Following the performance, all of the soloists, the conductor, some members of the orchestra, and the two-time Grammy Award winning producer and sound engineer Tim Martyn, share their thoughts on the process of making this CD. Conor Hanick explains that Fung’s sound world is part of a unique genre, which brings a variety of original sound associations into contact with sounds inspired by Javanese and Balinese gamelan, and is produced with various means of instrumental adaption and in the piano’s case, an alteration of the piano’s timbre through the objects attached to its strings. Fung’s enthusiastic exploration of Indonesian gamelan has been a persistent stylistic element in the work of the young, Juilliard-trained composer, who was called “evocative” by the New York Times.
Fung’s latest CD was recently released by newly formed Naxos: Canadian Classics, which is the brainchild of Naxos’s Raymond Bisha.  The disc includes three works ranging from Glimpses (2006), to the piano concerto Dreamscapes (2009). Divided into different vignettes, the Dreamscapes concerto, featuring Hanick, who is another impressive Juilliard alumn, expands on themes explored in Fung’s previous work; for example, the second vignette is based on “Kotekan” – the first movement of Glimpses.  It is interesting to follow the depth and detail of Fung’s work through her different pieces, from her earliest featured composition Glimpses, to her very imaginative and organically condensed newer work.

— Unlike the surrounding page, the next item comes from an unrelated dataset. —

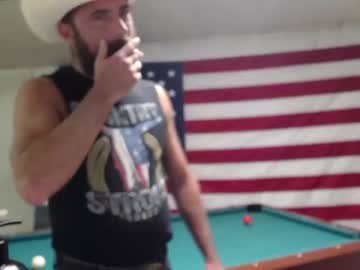 man cam all day hardworkertn image #1877971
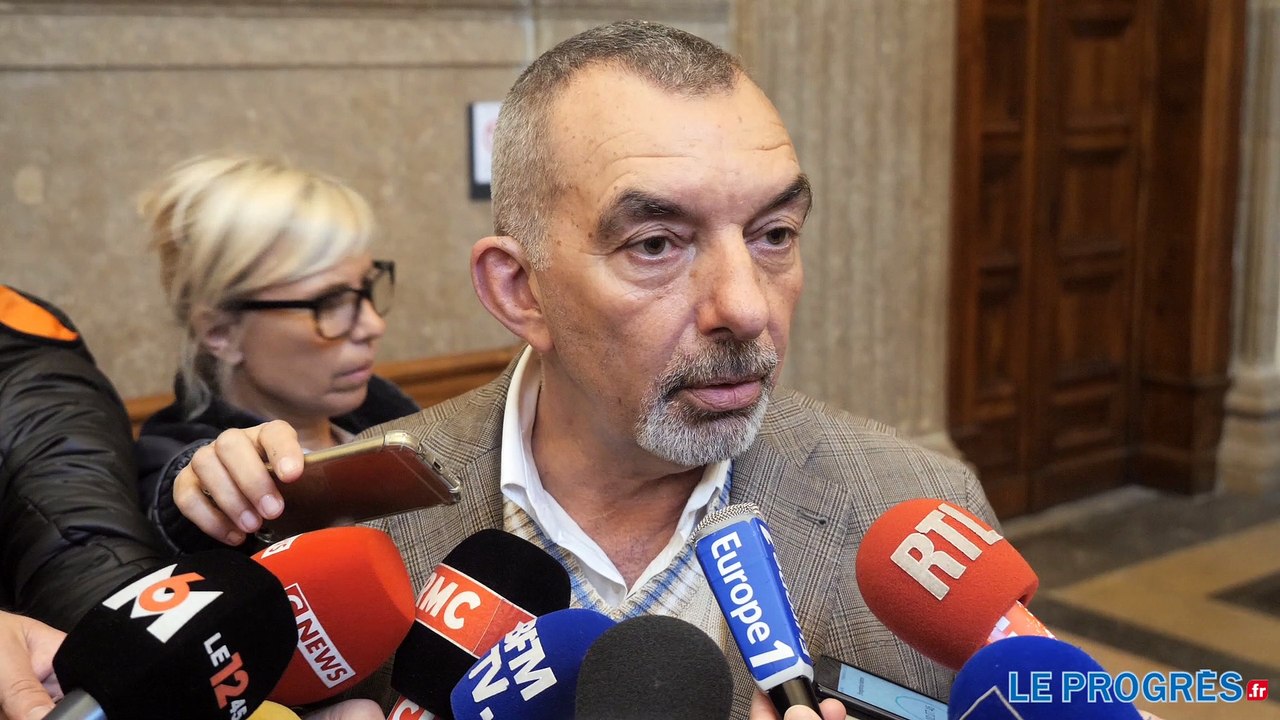 L’agresseur de Marin condamné à 7 ans et 6 mois de prison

The newest piece on the CD, introduced by virtuoso violinist Kristin Lee, is the Violin Concerto (2010/11). As Fung and Lee demonstrate, finding the perfect cadenza for the concerto was part of a fascinating process of working together as a team. “I really wanted to work with Kristin together on it,” Fung said, “and [I] did several drafts to come up with something that would fit her hand perfectly – not that she could not play anything!” Several versions of the cadenza were dismissed because they lacked fluidity, or presented too many extreme tonal distances, which produced undesirable dissonance, among other flaws. The final version, in G Sharp, contains many arpeggiated motions, which create a flow essential for Lee’s ample technique.  The cadenza’s melodic voice-leading opportunities combine with many glissandi to mimic the motions of human song, which is a part of traditional gamelan performance, the derivation of Fung’s inspiration. Fung says that she based the concerto on Javanese gamelan, which is much more “sensuous and flowery” than Balinese gamelan. In addition to being inspired by gamelan music itself, Fung notes that she and Lee traveled to Bali together in 2010; the trip was a formative experience in their musical friendship, and yet another source of inspiration for the cadenza.

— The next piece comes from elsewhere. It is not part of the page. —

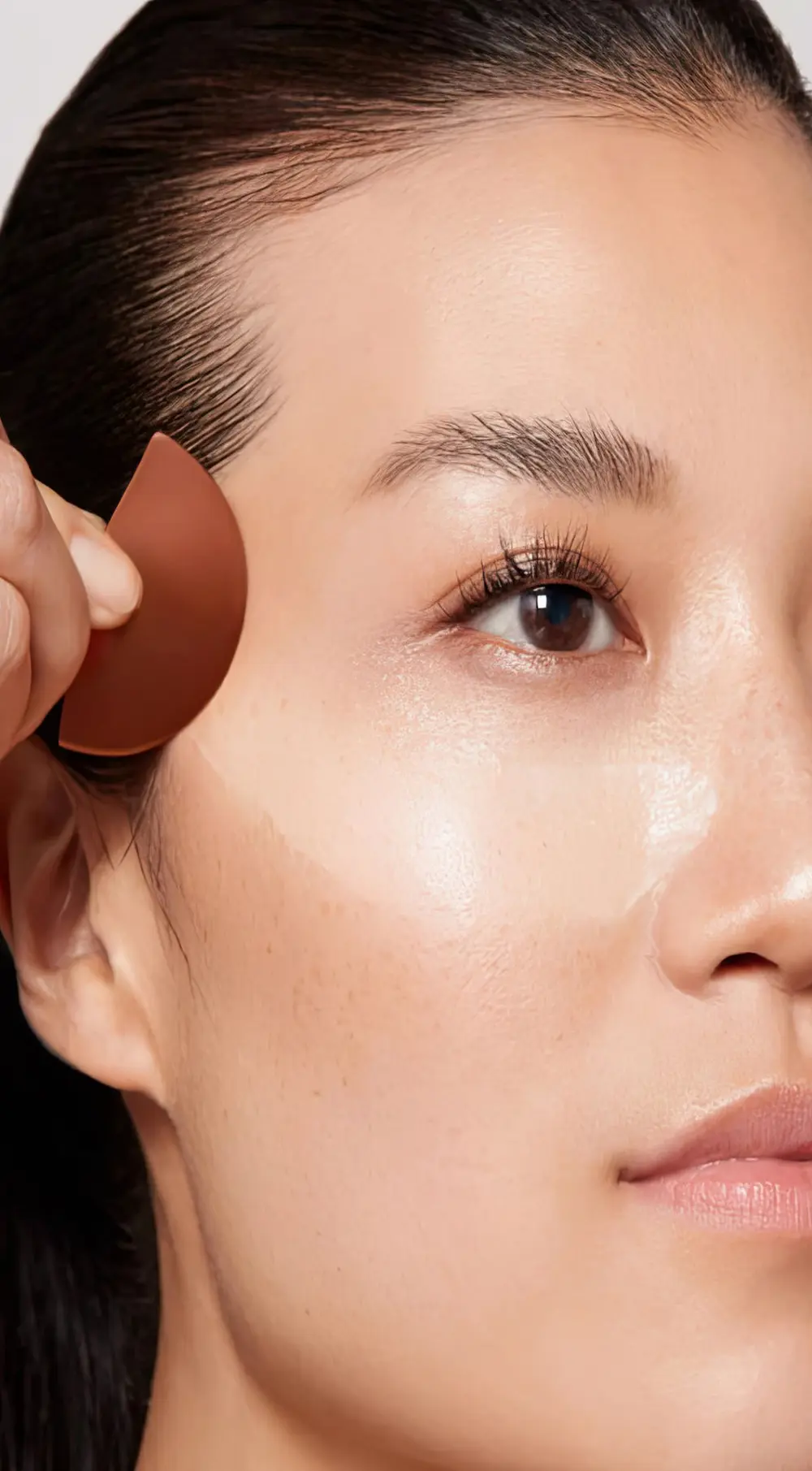 Augustinus Bader The Face Cream Mask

Fung feels a close connection to all those who contributed to the production of Dreamscapes, with whom she has maintained professional relationships as well as friendships. Fung chose her team wisely. The soloists on the Dreamscapes recording have virtuosic technique, and even more importantly, they possess a deep understanding of Fung’s concept.  Andrew Cyr and Metropolis Ensemble’s mission statement stresses their desire to, “create innovative concert experiences dedicated to making classical music in its most contemporary form.“ Standing by that goal, the Metropolis Ensemble has been able to attract a substantial following, and commission and premiere works by a very interesting array of contemporary composers. Major support for Vivian Fung’s Dreamscapes was provided by Paul and Elisabeth DeRosa.